- [Try it]
For each record below, set it down exactly but leave out any picture.

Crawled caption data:
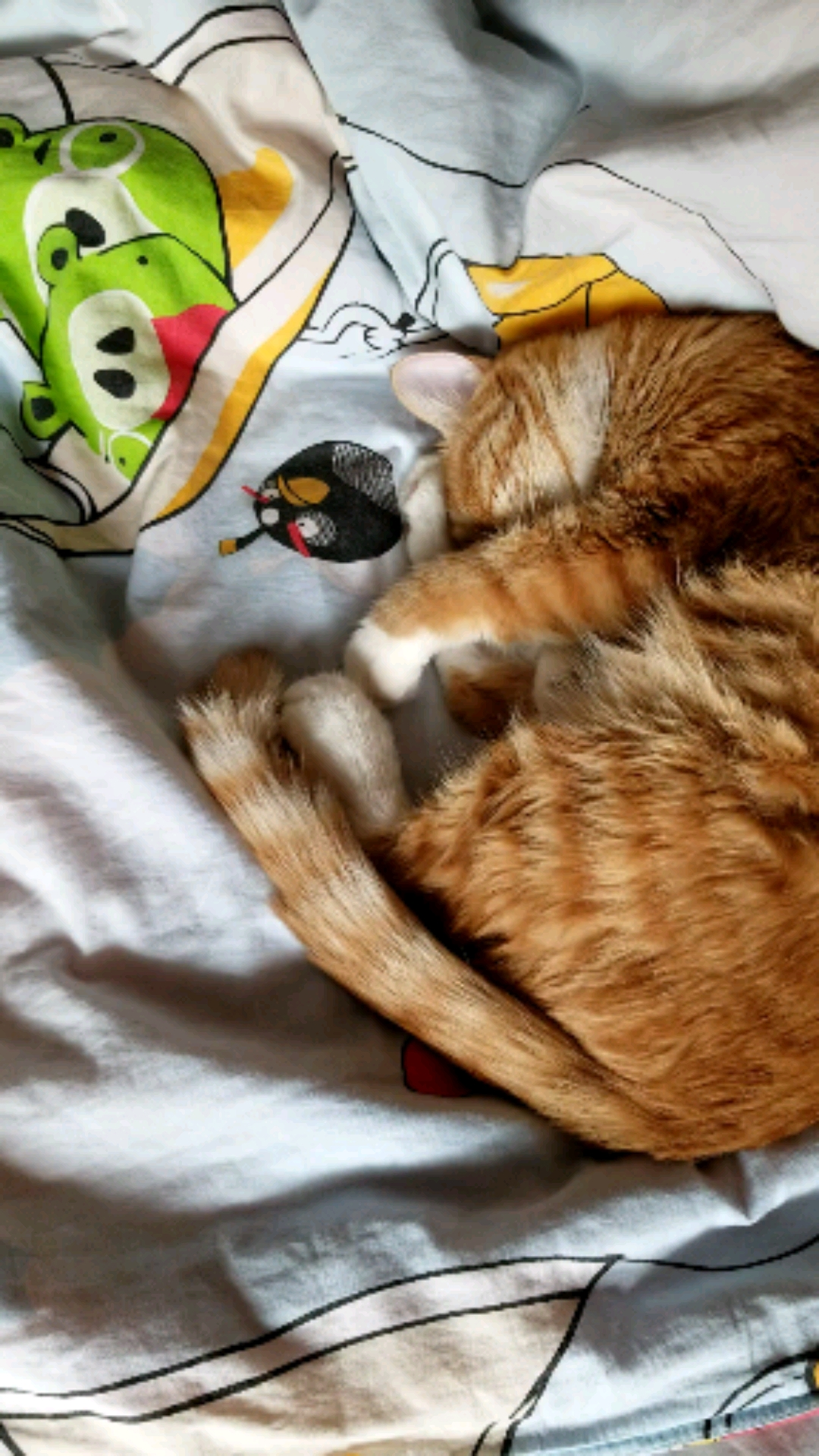 镜头下的猫咪#不敢出门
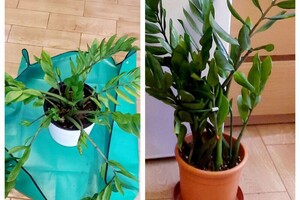 Поспелова Лилия Владимировна — Реанимация растений — Портфолио №1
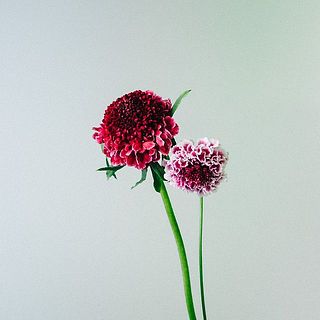 スカビオサの花の大きさには個体差がございます。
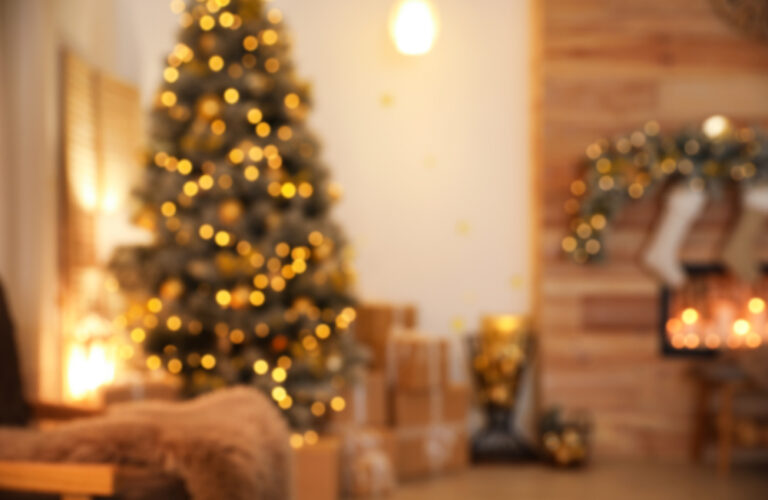 Holiday Mold Prevention: Safe Home For The Season!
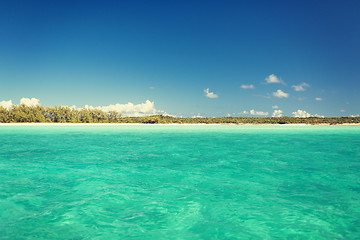 Image showing blue sea or ocean, beach and forest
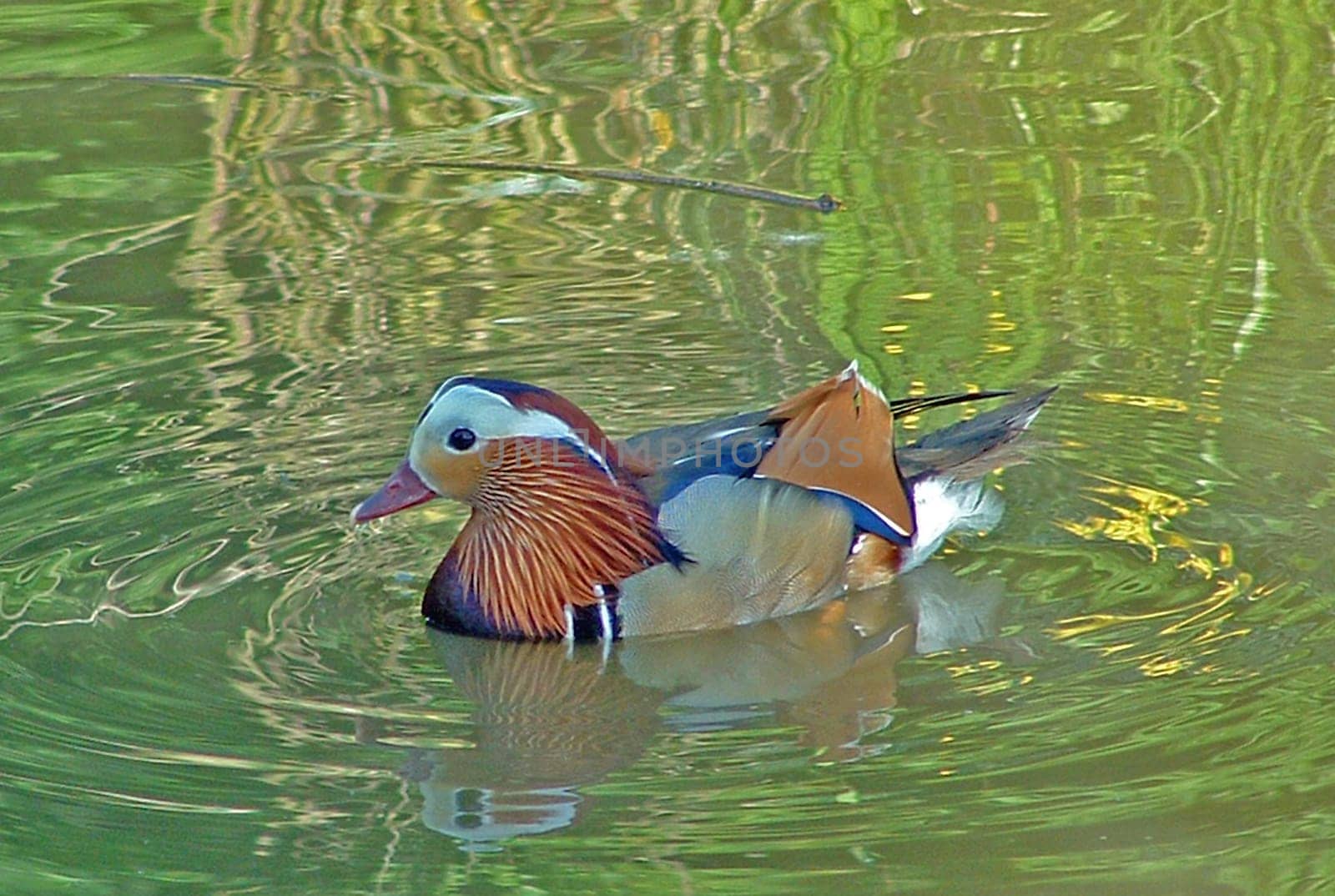 Duck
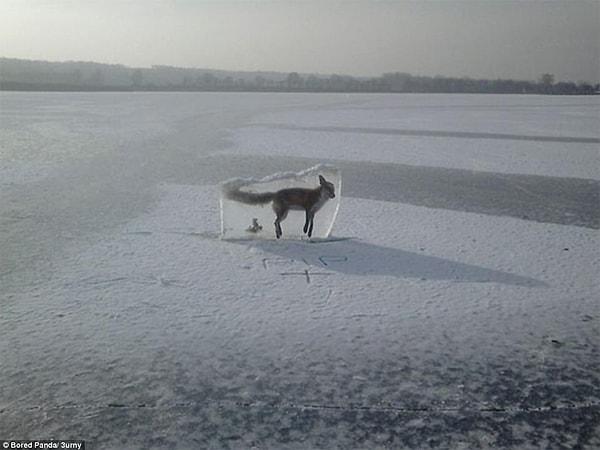 1. Buzun içinde donup kalan zavallı tilkiyi, gölün üzerinde yürümek isteyen insanlara uyarı olsun diye oraya koymuşlar.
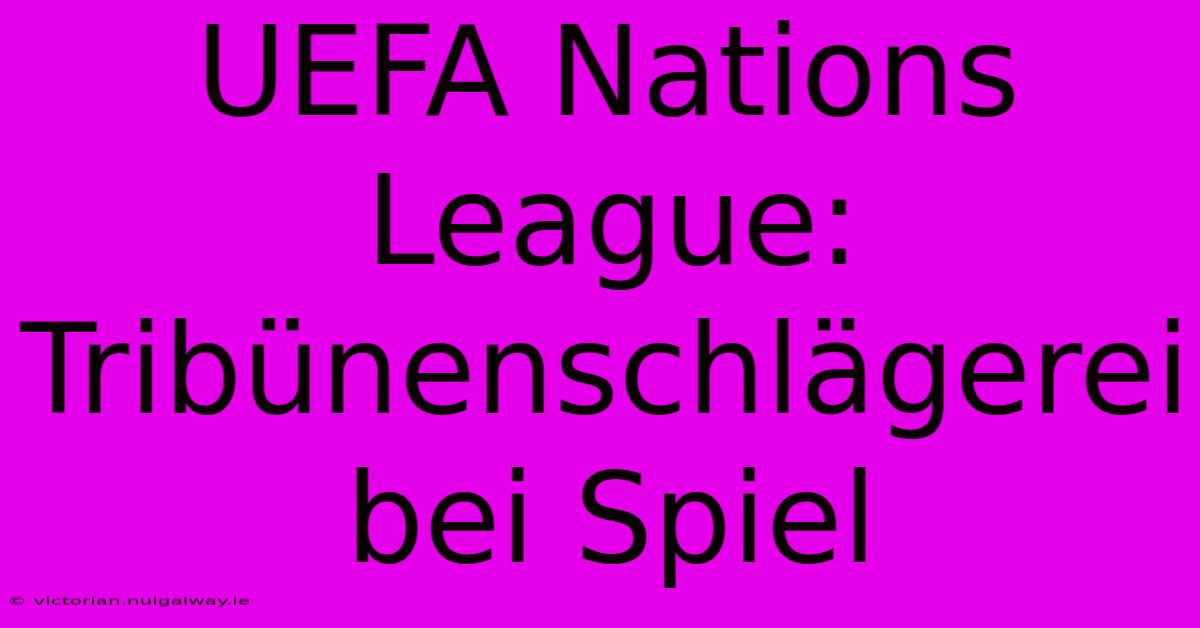 UEFA Nations League: Tribünenschlägerei Bei Spiel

- [Answer area]
 镜头下的猫咪#不敢出门
 Поспелова Лилия Владимировна — Реанимация растений — Портфолио №1
 スカビオサの花の大きさには個体差がございます。
 Holiday Mold Prevention: Safe Home For The Season!
 Image showing blue sea or ocean, beach and forest
 Duck
 1. Buzun içinde donup kalan zavallı tilkiyi, gölün üzerinde yürümek isteyen insanlara uyarı olsun diye oraya koymuşlar.
 UEFA Nations League: Tribünenschlägerei Bei Spiel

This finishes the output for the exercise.